Let $p_0,p_1,\ldots,p_n$ is polynomials in $P_n(\Bbb{F})$ such that $p_i(2)=0$ for every $i\in\{0,1,\ldots,n\}$. Prove that $p_0,p_1,\ldots,p_n$ is not linearly independent in $P_n(\Bbb{F})$.
I saw that $p_0(x)=0$ if we want $p_0(2)=0$, since one vector is zero vector ,then that vectors is linear dependent. What do you think about this proof?

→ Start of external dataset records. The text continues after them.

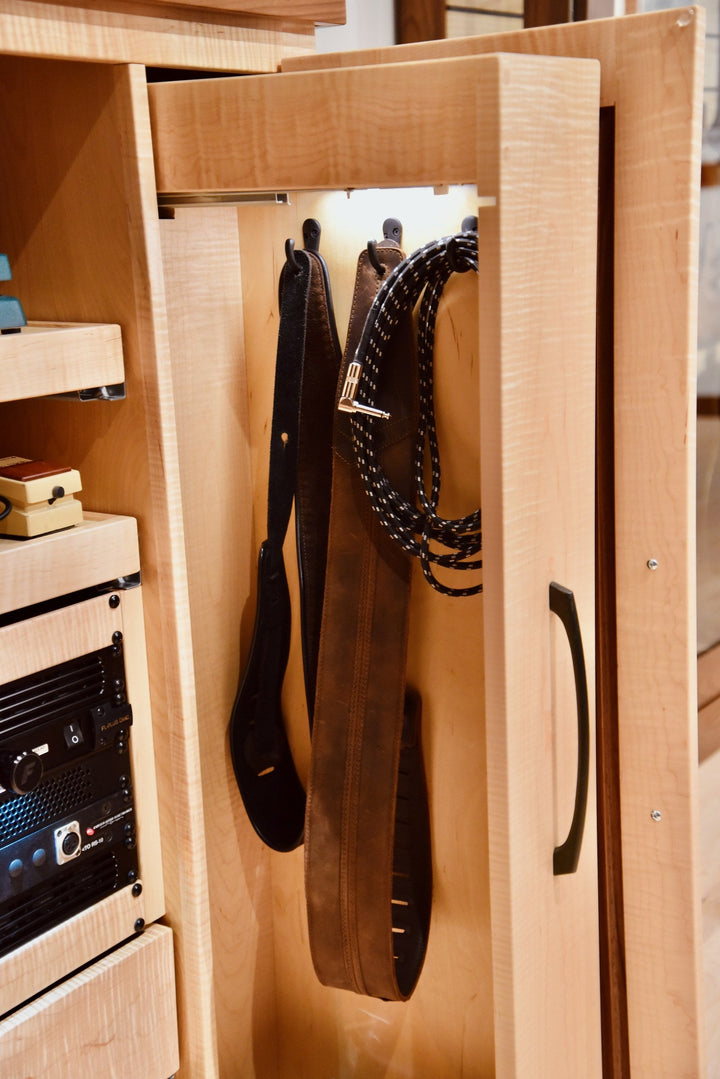 Guitar straps hanging in the Effects Rack Cabinet storage cubby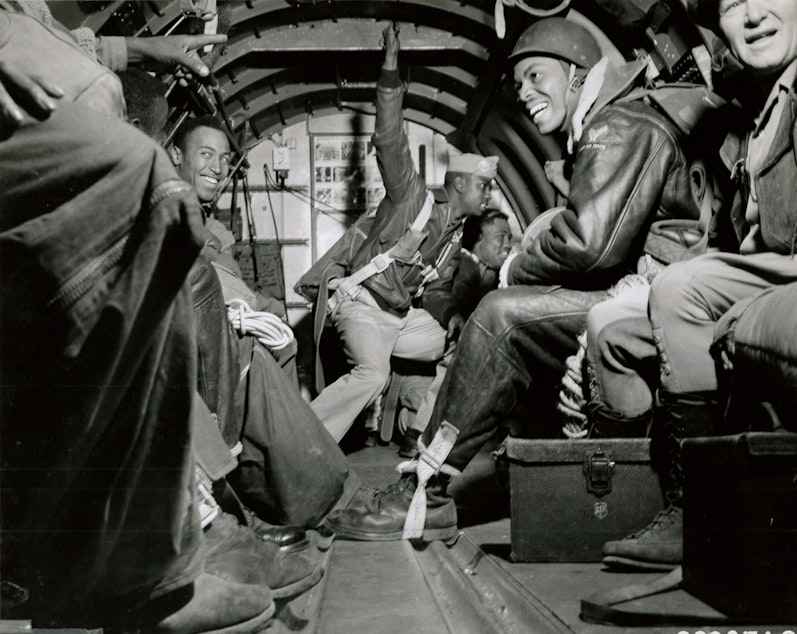caption: Pendleton-based Army paratroopers get ready to jump over a forest fire in summer 1945.
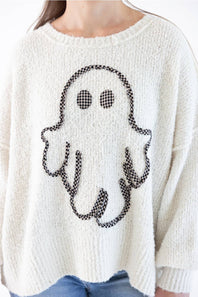 A person wearing a chunky off-white knit sweater with a black-and-light orange gingham ghost applique on the front, paired with blue jeans against a plain white background.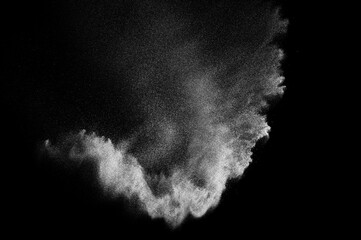Abstract dust overlay texture. Freeze motion of white particles on black background. Powder explosion.	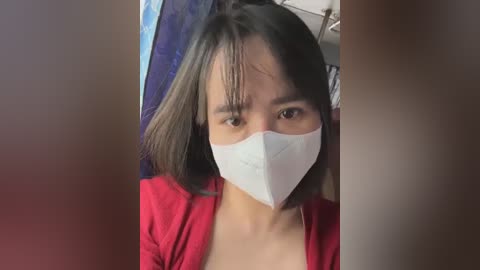 Media: Video of an Asian woman with shoulder-length black hair, wearing a white surgical mask, a red top, and a blue background.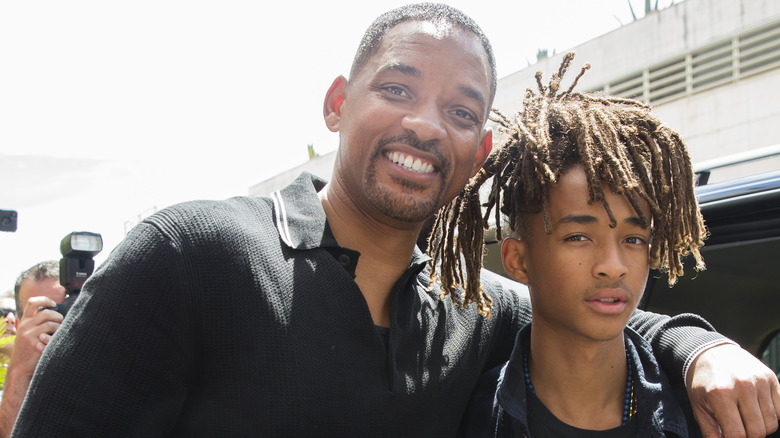 Will and Jaden Smith posing for a photo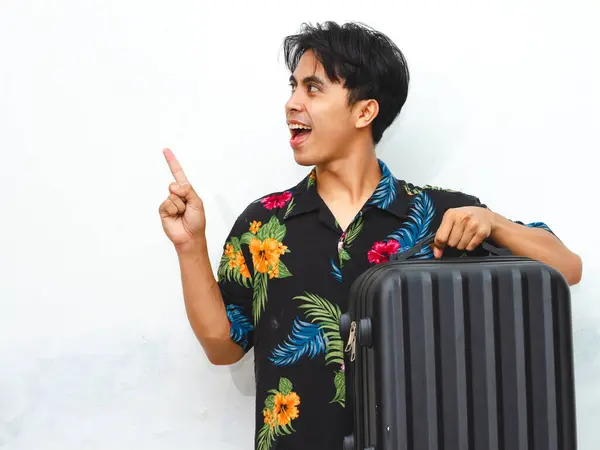 stock image Portrait of a young Asian man in casual summer clothes carrying a suitcase, pointing aside with a surprised expression. Ideal for travel, tourism, or vacation-related ads.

For any $i \in \{0, \ldots, n\}$, since $p_i(2) = 0$ there exists $q_i \in P_{n-1}(\mathbb{F})$ such that $p_i(x) = (x-2)q_i(x)$.
We have $\dim P_{n-1}(\mathbb{F}) = n$ so the set $\{q_1, \ldots, q_n\} \subseteq P_{n-1}(\mathbb{F})$ is linearly dependent. Therefore, there exists scalars $\alpha_0, \ldots, \alpha_n \in \mathbb{F}$ not all equal to $0$ such that $\sum_{i=0}^n \alpha_i q_i(x) = 0$.
Then $$\sum_{i=0}^n \alpha_ip_i(x) = \sum_{i=0}^n \alpha_i (x-2)q_i(x) = (x-2) \left(\sum_{i=0}^n \alpha_i q_i(x)\right) = 0$$
so $\{p_0, \ldots, p_n\}$ is linearly dependent in $P_n(\mathbb{F})$.